YOUR GOAL — Below are some records. Write out exactly their lines from the one with "Hot JOOP! Lace bra in midnight blue" through the one with "60 große Universitäten", and leave the pictures behind.

DATA —
────────────────────
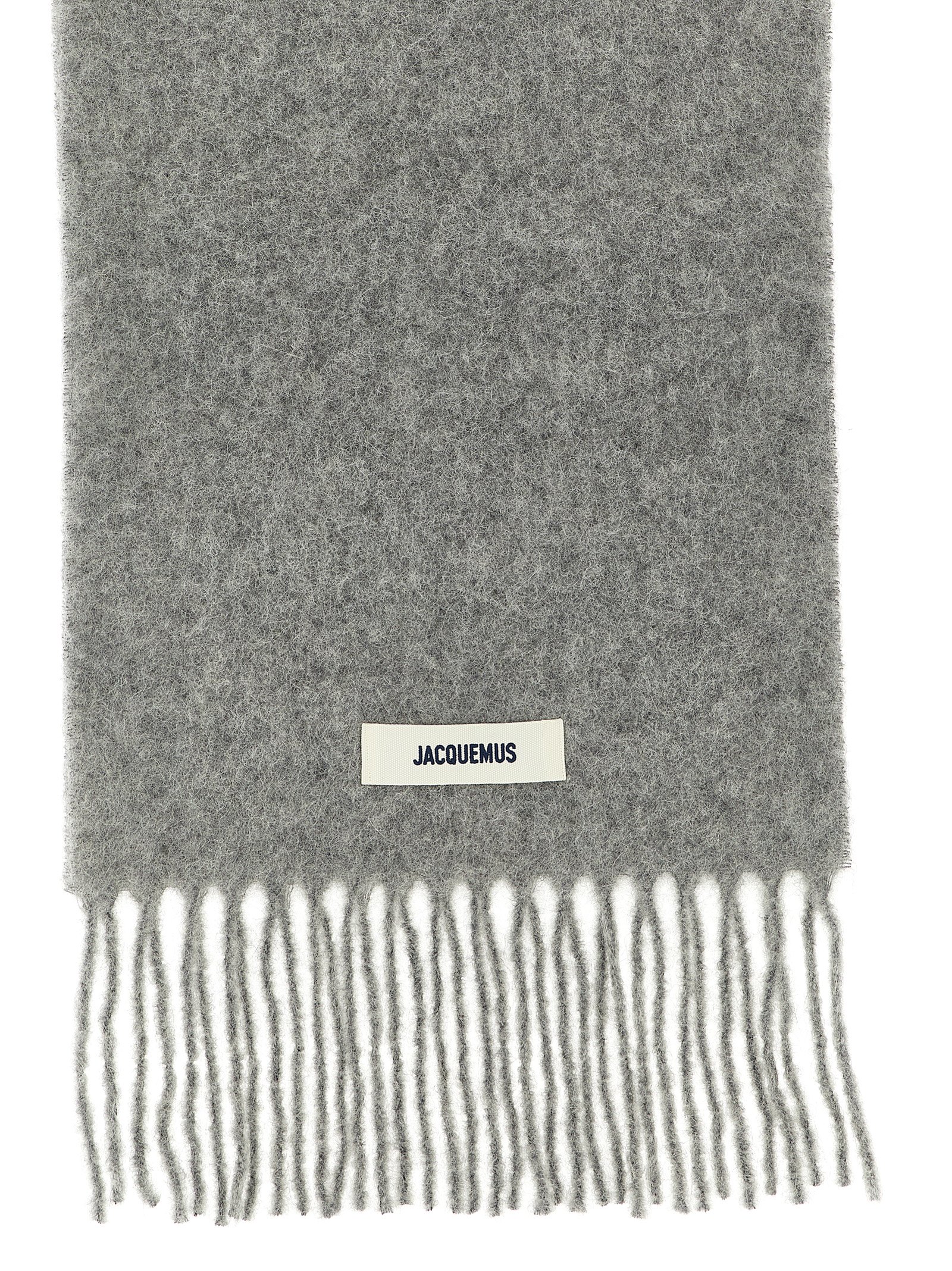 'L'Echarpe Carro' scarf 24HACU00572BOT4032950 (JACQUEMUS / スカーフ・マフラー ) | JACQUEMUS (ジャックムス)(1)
────────────────────
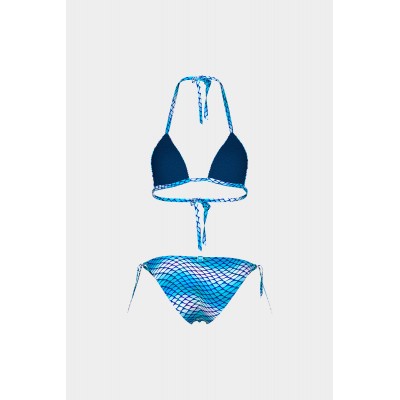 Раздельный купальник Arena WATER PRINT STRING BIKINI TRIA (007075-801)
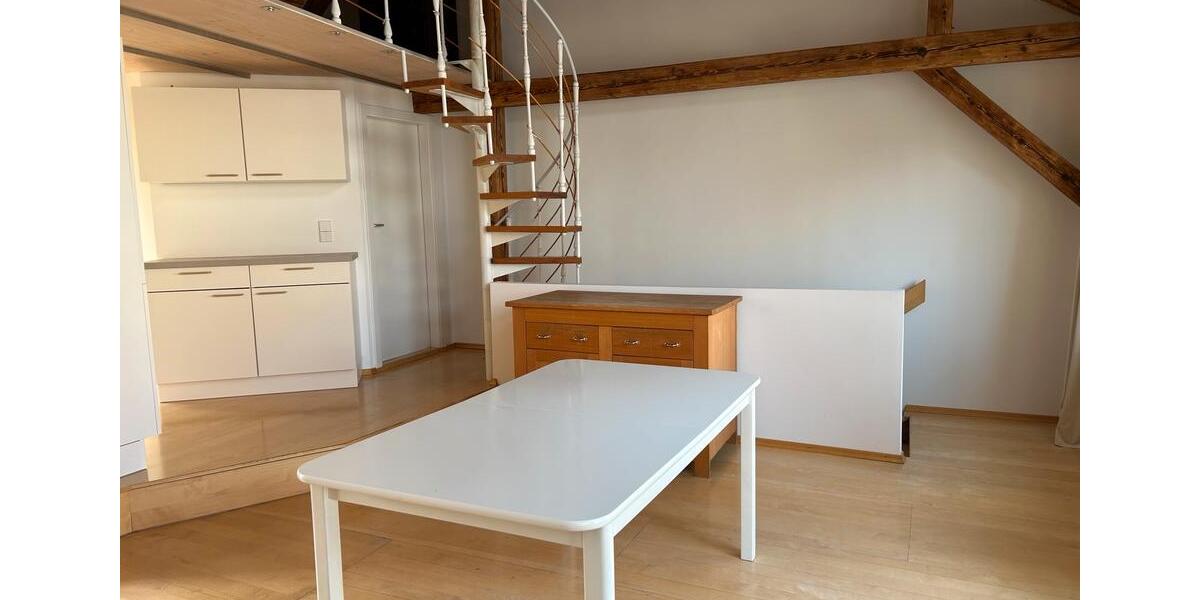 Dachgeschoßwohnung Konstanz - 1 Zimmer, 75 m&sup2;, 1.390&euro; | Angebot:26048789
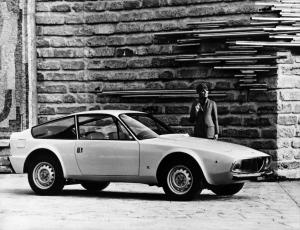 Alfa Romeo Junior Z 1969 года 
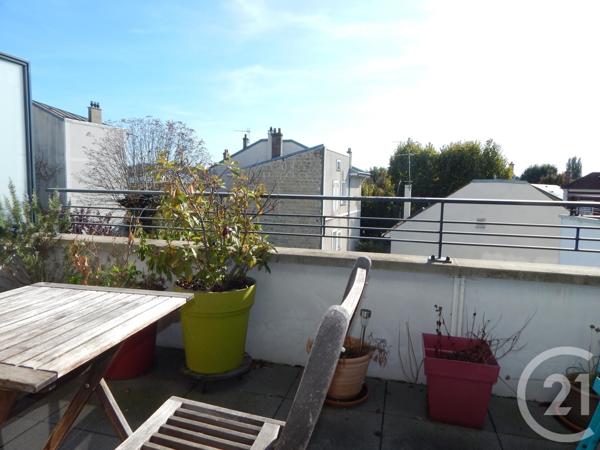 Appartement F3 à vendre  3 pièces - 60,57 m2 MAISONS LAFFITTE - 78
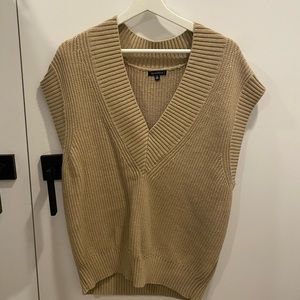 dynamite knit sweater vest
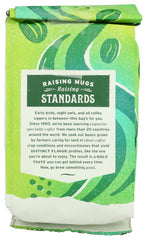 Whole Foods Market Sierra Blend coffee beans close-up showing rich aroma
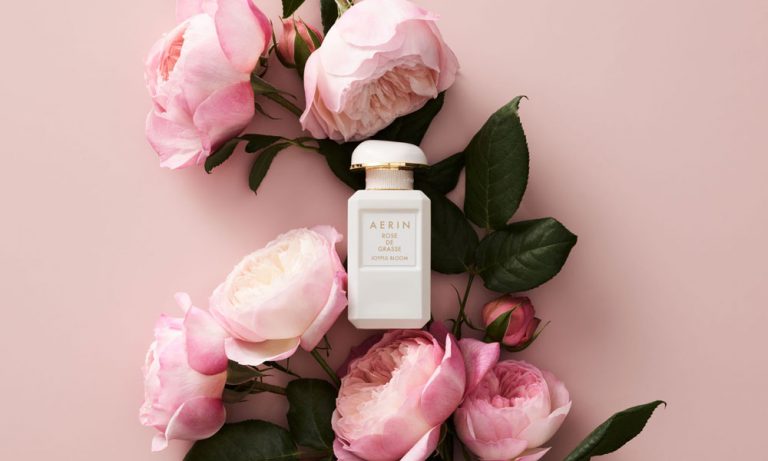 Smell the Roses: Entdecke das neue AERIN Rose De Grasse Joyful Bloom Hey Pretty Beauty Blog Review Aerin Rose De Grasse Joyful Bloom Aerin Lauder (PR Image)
────────────────────
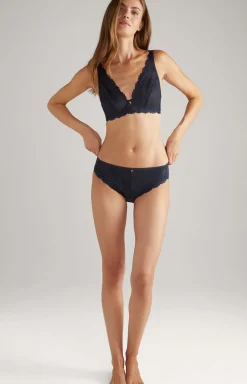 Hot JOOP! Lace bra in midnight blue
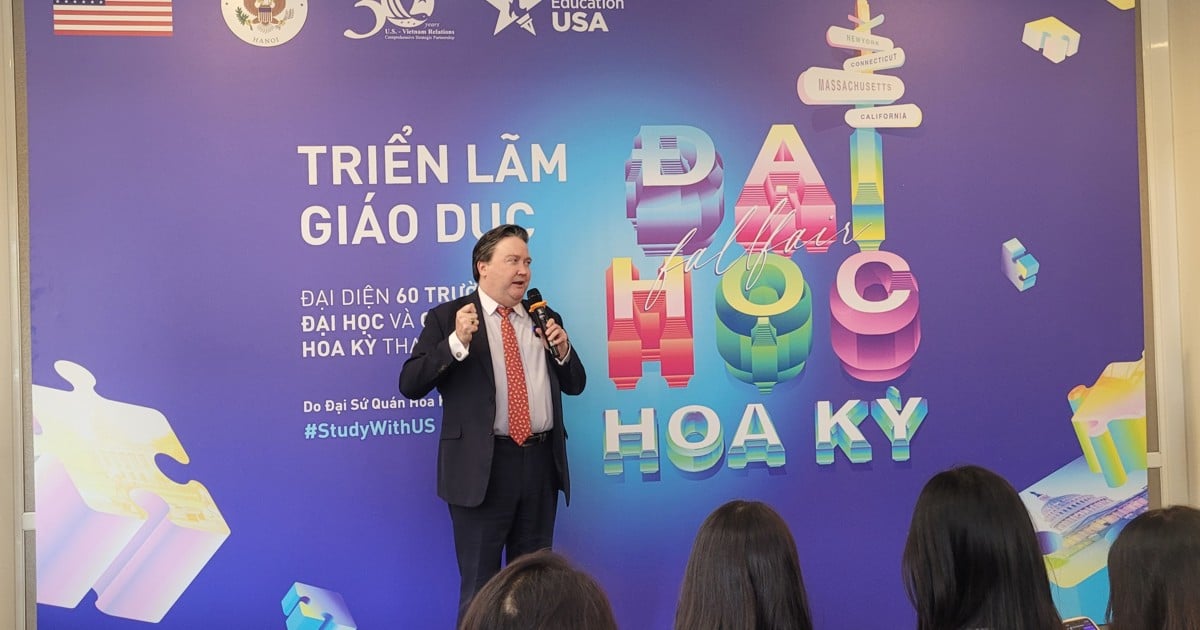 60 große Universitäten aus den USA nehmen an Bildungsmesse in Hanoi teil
────────────────────
WRITTEN SOLUTION —
 Hot JOOP! Lace bra in midnight blue
 60 große Universitäten aus den USA nehmen an Bildungsmesse in Hanoi teil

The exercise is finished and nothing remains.